During the CBC's last licensing go-around, in January of 2000, the Commission imposed some conditions on its license which said the CBC was not allowed to show any recent, popular non-Canadian movies during prime time, 7-to-11 p.m.
However, the Commission granted the CBC time to show movies it already held rights to for a period of 36 months, an extension which was due to expire at the end of this month.
Earlier this year, the CBC requested that the CRTC delete those conditions, pointing to the fact that its schedule is markedly Canadian but that its mandate is to show "the best the world has to offer," said its submission, which means showing Hollywood blockbusters, too.
In June, the Canadian Association of Broadcasters objected to the request, saying the CBC should stick to Canadian fare, that there are more than enough places for Canadians to view "the best the world has to offer", and that having a broadcaster with a wallet as big as CBC's in the market for U.S. movies was unfair and would drive up programming costs.

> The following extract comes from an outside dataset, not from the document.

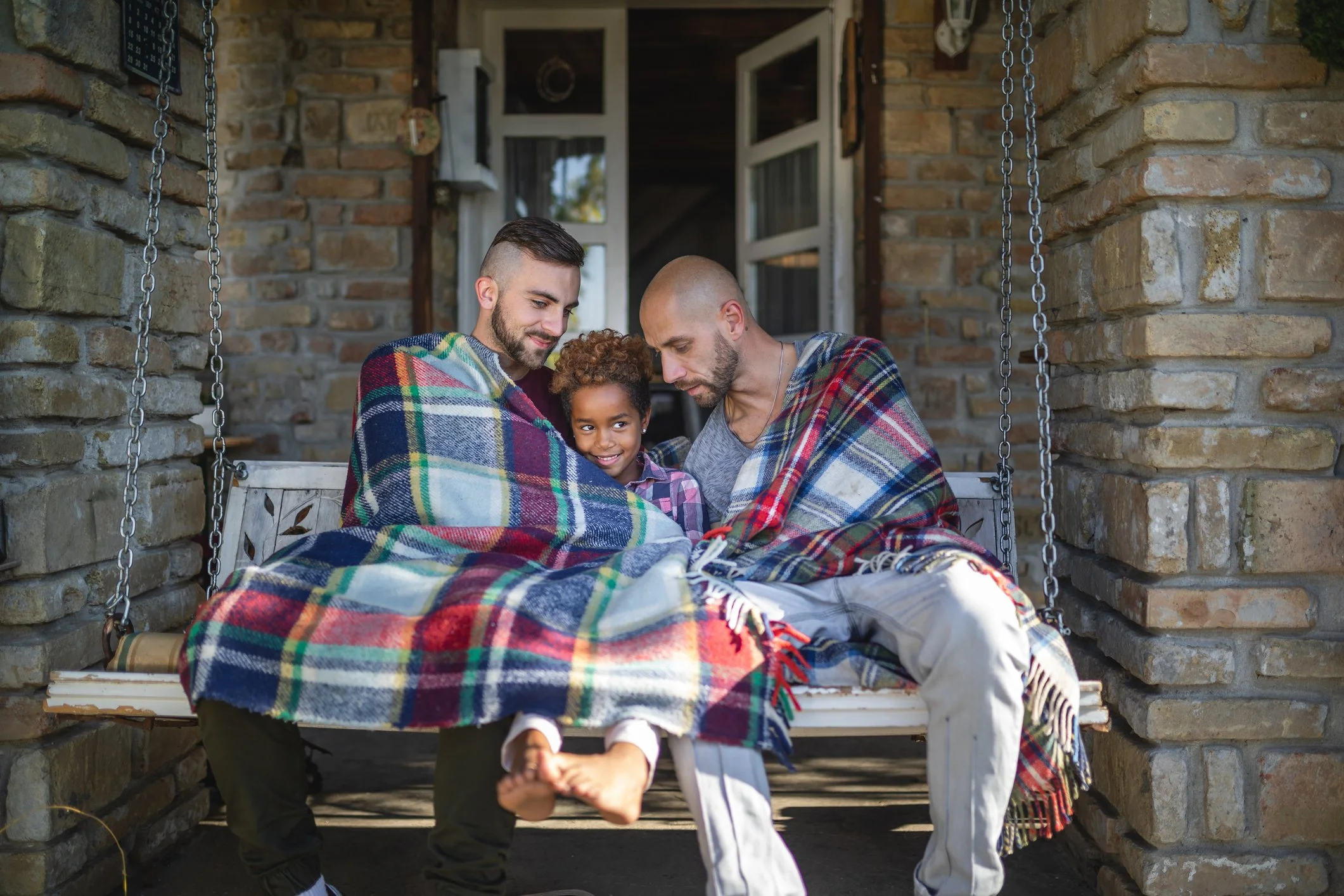 Two dads and their daughter wrapped in a blanket on a porch swing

The CAB "considers that the CBC's application amounts to a request for permission to compete directly with private broadcasters in a programming category already well-served by private conventional, specialty and pay services," said its letter to the Commission.

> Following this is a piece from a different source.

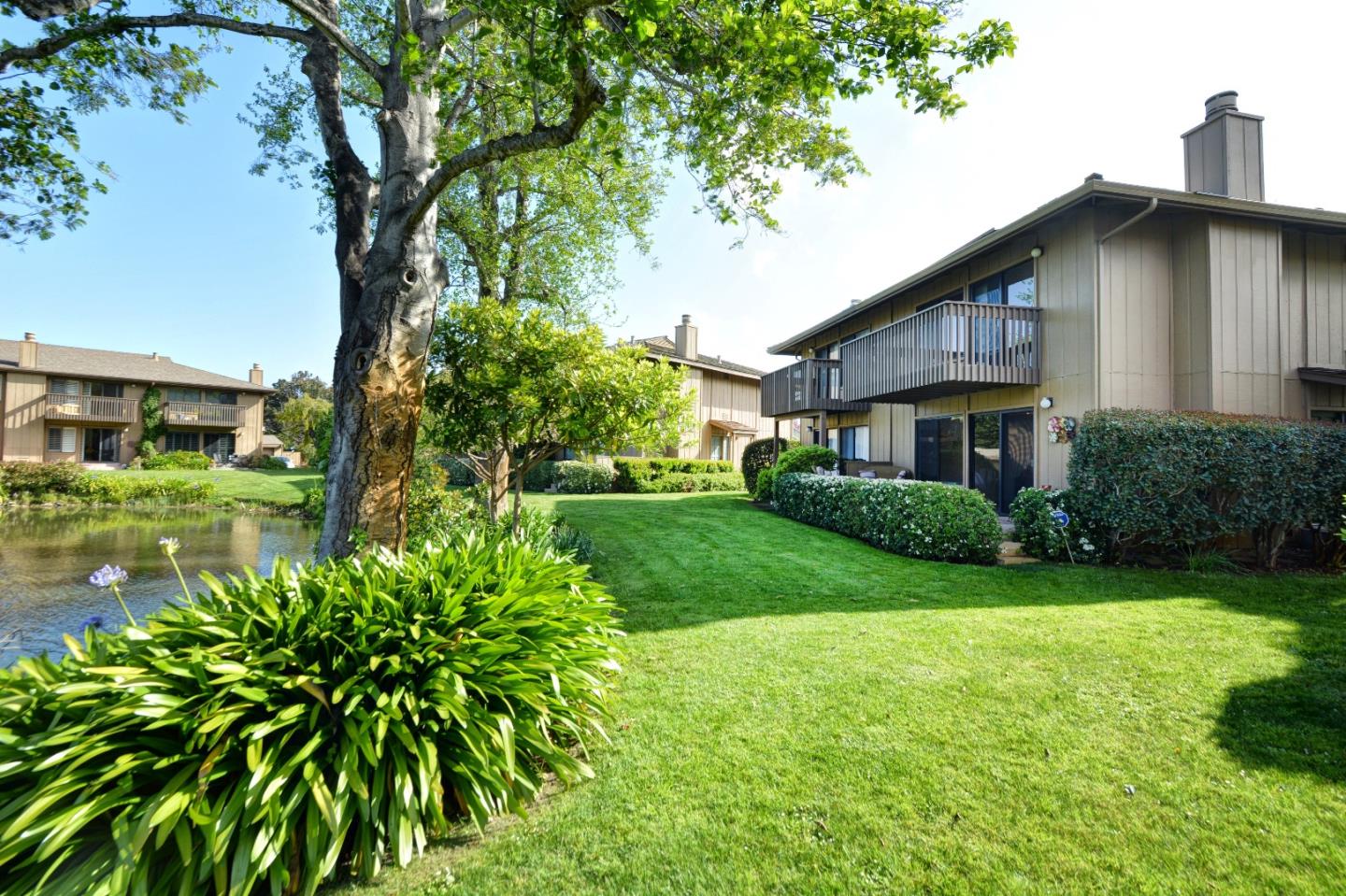 3850 Rio Road, Unit 40 Carmel, CA 93923 - Photo 24 of 28 a view of a house with a yard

The CBC countered saying that the peak viewing hours in 2001, even while able to show U.S. movies, were 86% and 87% Canadian content on CBC and SRC, respectively. Its commitment to Canadian programming would make it difficult to offer "even one Canadian movie per week," it told the CRTC.

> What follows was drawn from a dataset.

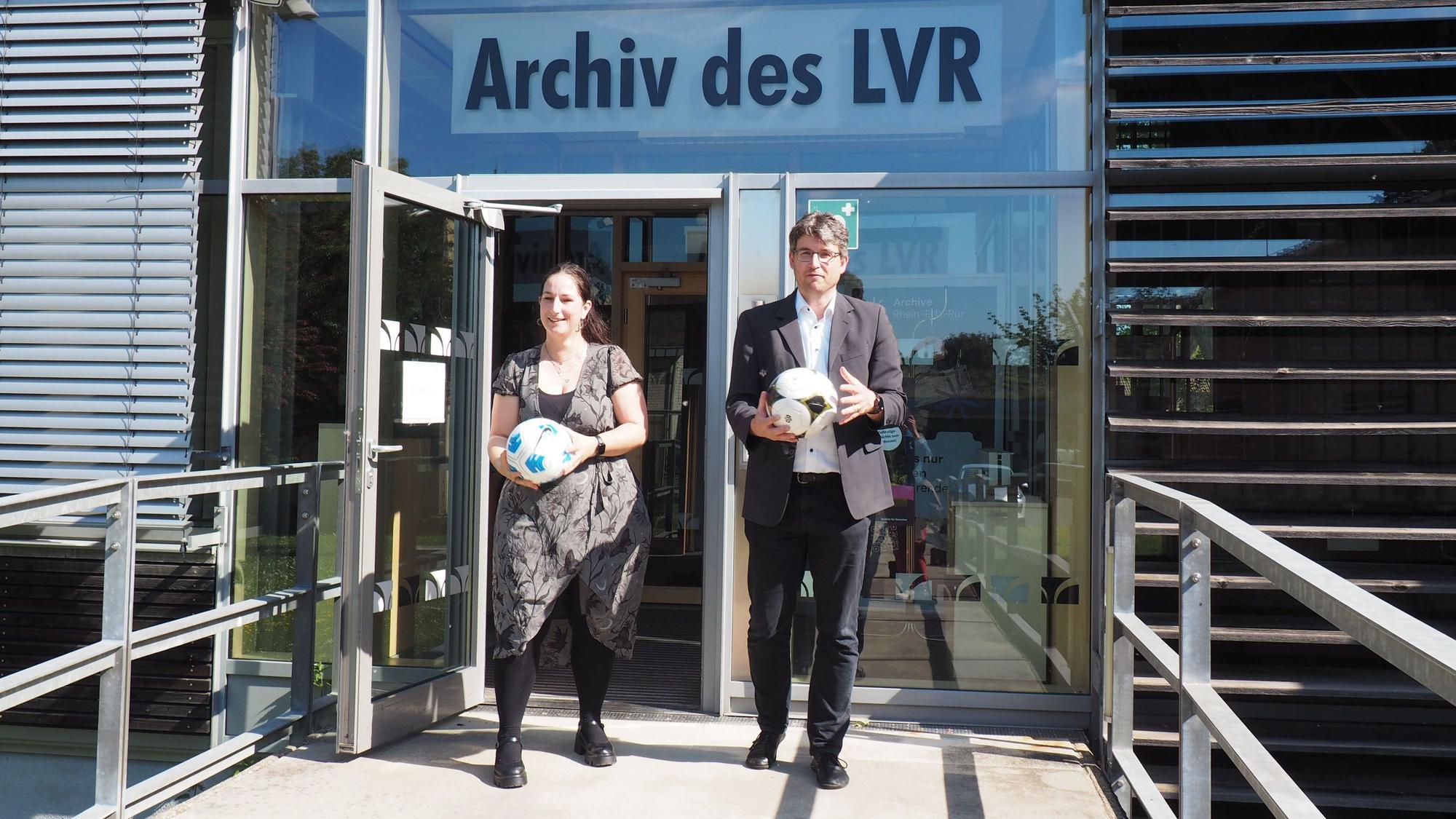 das Foto zeigt eine Frau und einen Mann mit Bällen in den Händen, die aus der Tür des LVR-Archivs kommen.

Commissioners sided with the CBC, saying its mandate does not preclude showing non-Canadian movies in prime time.
"While the (Broadcasting) Act clearly requires the CBC to focus on Canadian programming, it contemplates that a certain amount of such non-Canadian programming could be included in the CBC's schedules," reads Wednesday's decision. "In the Commission's view, it is also reasonable that some portion of that could be aired during peak viewing hours, particularly programs representing the best that the world has to offer."